Tennessean [Tennessee]
Downloaded March 25, 2004

The state Supreme Court has agreed to hear the cases of two young men who said the Catholic Church should be held liable for their being molested as children by former priest Edward McKeown.

The decision, made earlier this week, comes after Davidson County Circuit Judge Walter Kurtz dismissed the suit and the state Court of Appeals upheld his ruling.

Kurtz dismissed the case in June 2001, saying the sexual abuse of the two occurred long after McKeown was forced to leave the priesthood, so the church should not be held accountable.

The two were abused 1994-1998 after he met them in a mobile home park where he lived after he was forced to leave the priesthood in 1989. McKeown is serving a 25-year prison sentence for molesting one of the men.
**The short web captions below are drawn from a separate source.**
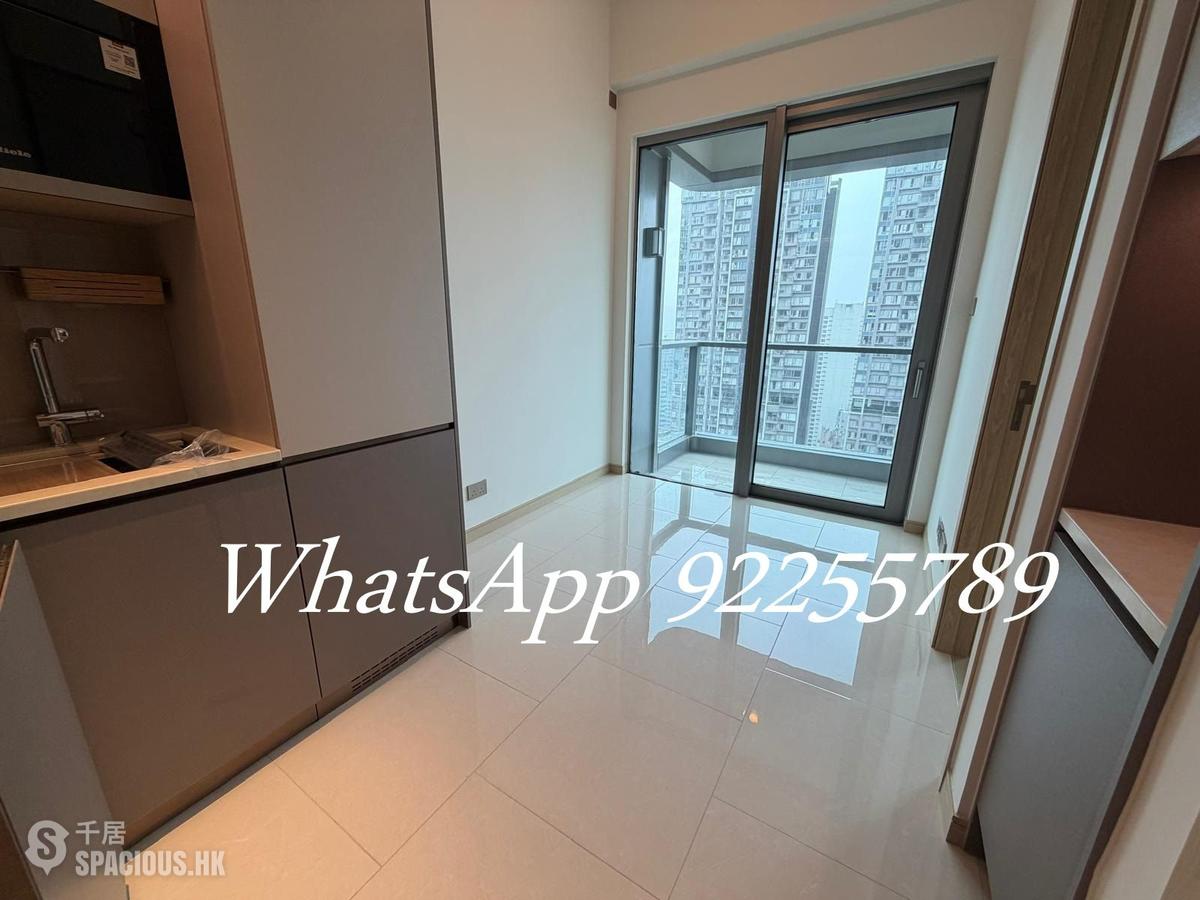 Sai Ying Pun - Upper Manor 01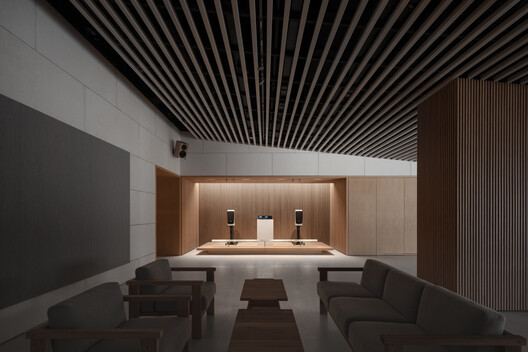 Dynaudio Lounge / cold lab Dynaudio Lounge / cold lab - Fotografia de Interiores, Sala de Estar, Madeira, Iluminação, Cadeira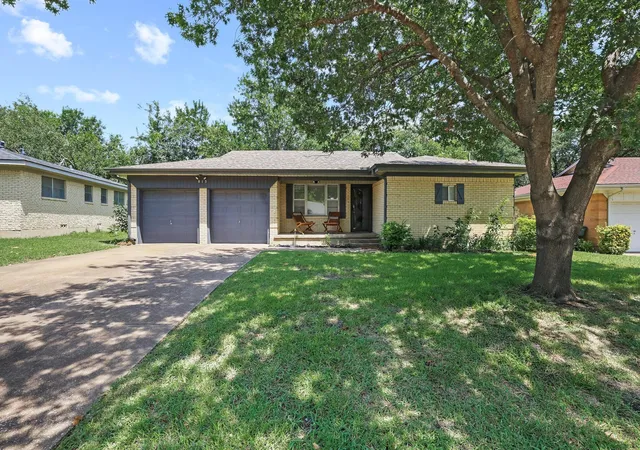 Photo 1 of Single family home for sale at 813 S Andrews St, Sherman, TX 75090 | MLS# 21362152 | Listing updated on 2026-09-19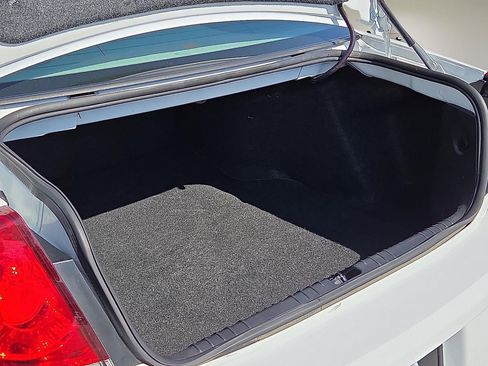 Used 2011 Chevrolet Impala LT w/ Luxury Edition Package image 9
Kurtz ruled the two young men could not recover damages from the diocese based on the alleged failure of church officials to report McKeown to police when they learned in the 1980s he had molested two boys several years earlier.
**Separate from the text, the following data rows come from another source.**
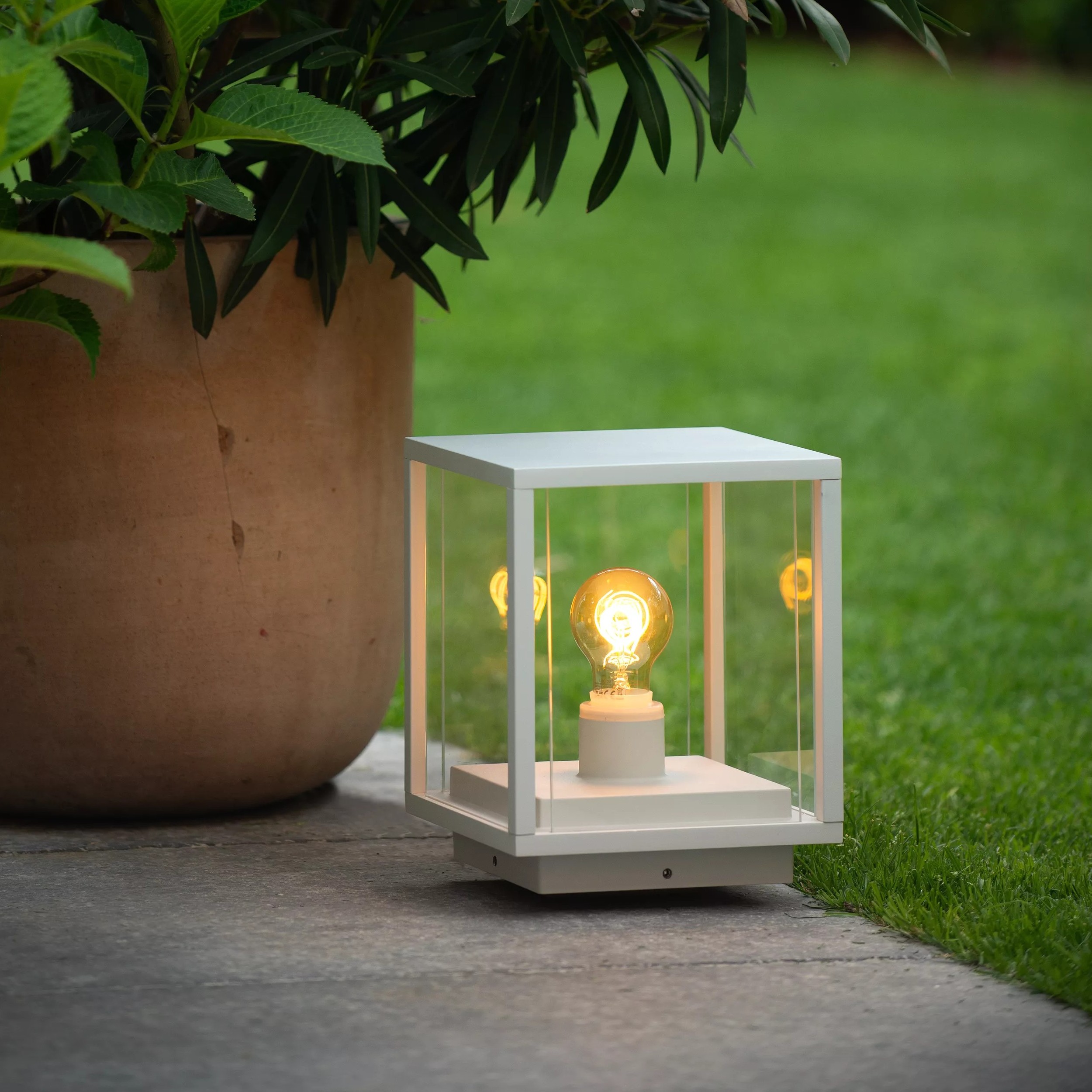 Lucide Claire - lampe sur pied - x 24,5 cm - IP54 - blanc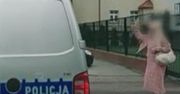 Sceny przed komisariatem. Zaczepiła policjantów. I nagle trzy słowa
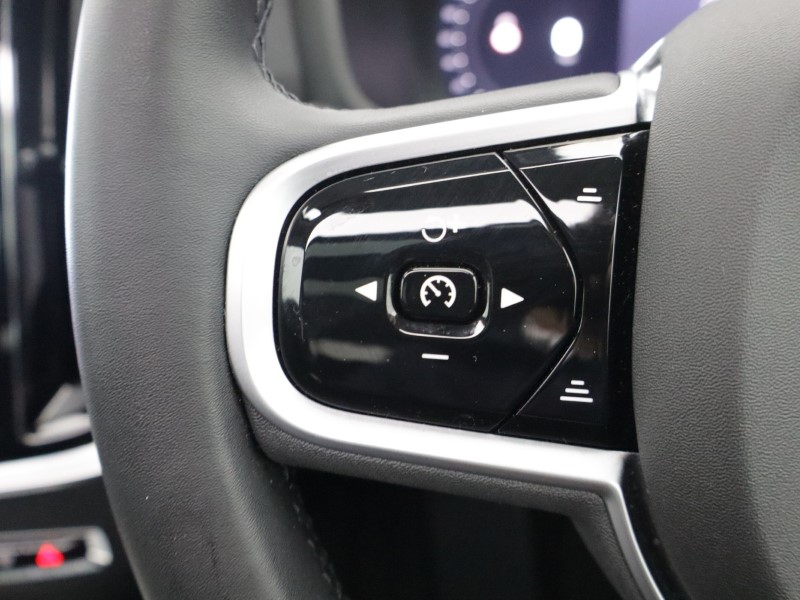 2025 (25) VOLVO V60 2.0 B4P Ultra Dark 5dr Auto 5497662
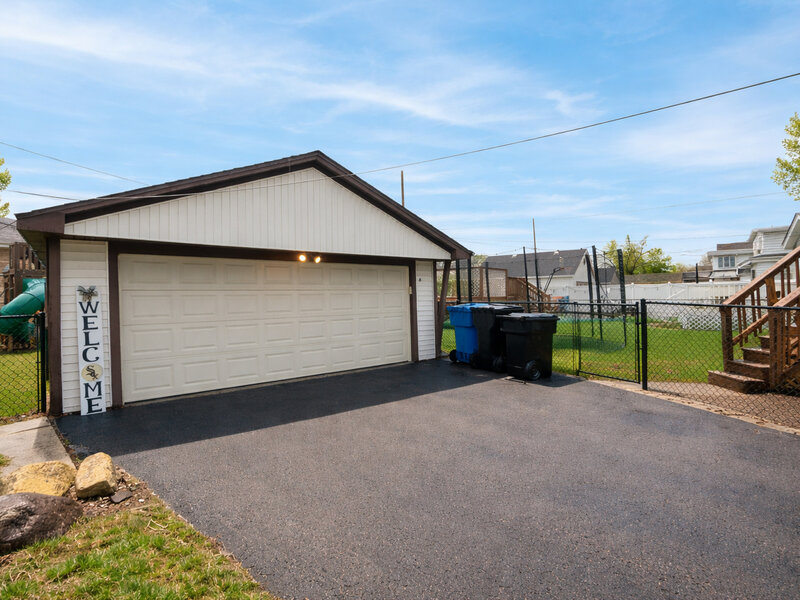 10607 S Springfield Avenue Chicago IL 60655
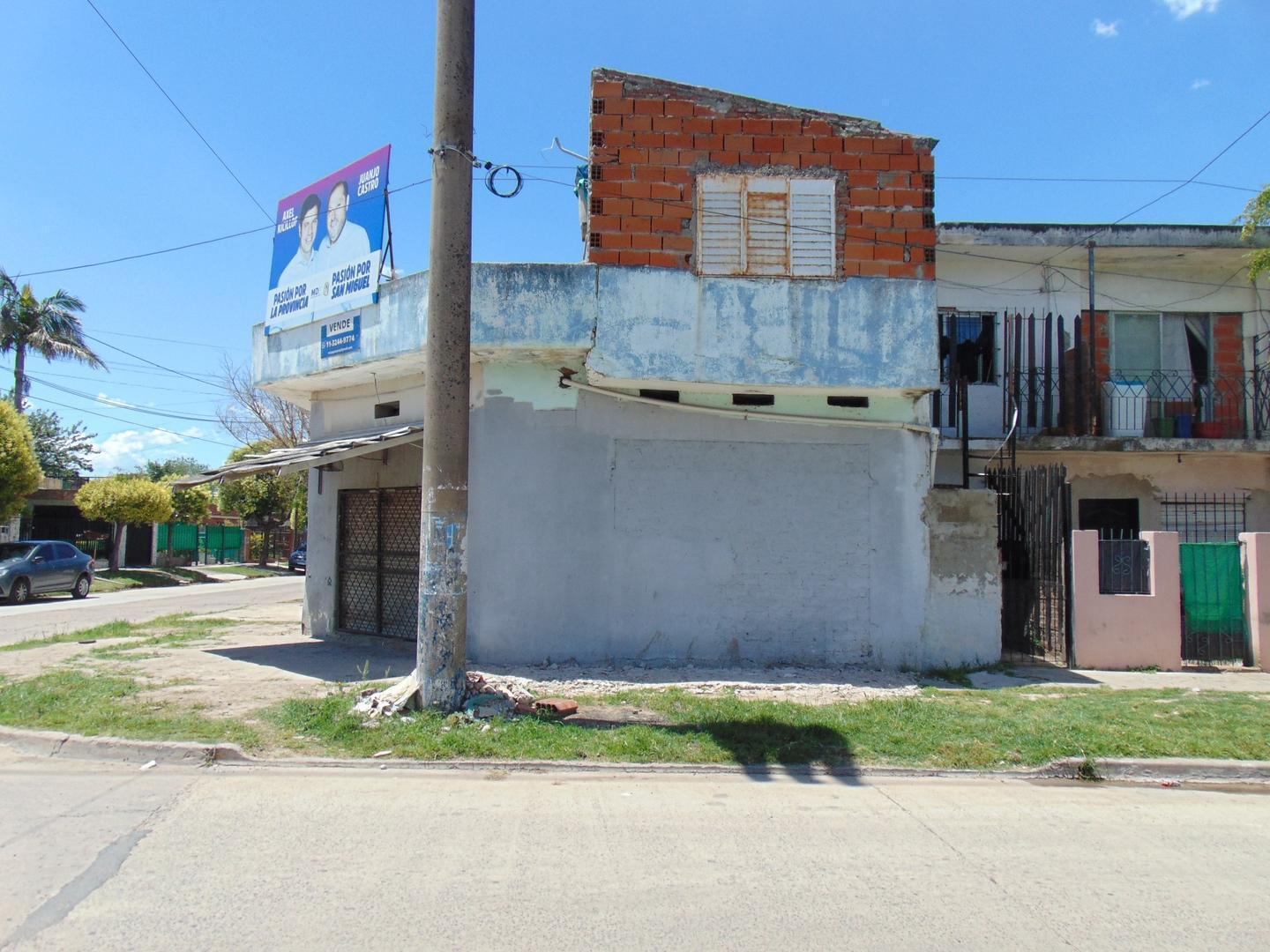 Casa con local comercial en San Miguel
Lawyers for the young men, arguing under the legal theory of outrageous conduct, allege that the two never would have been molested if church officials had investigated McKeown more aggressively and reported him to police. One of the attorneys, John Day, has pointed to McKeown's 1986 admission during treatment required by the church that he had molested 30 boys over the previous 14 years.

Each is asking for $8 million in compensatory damages and $25 million in punitive damages.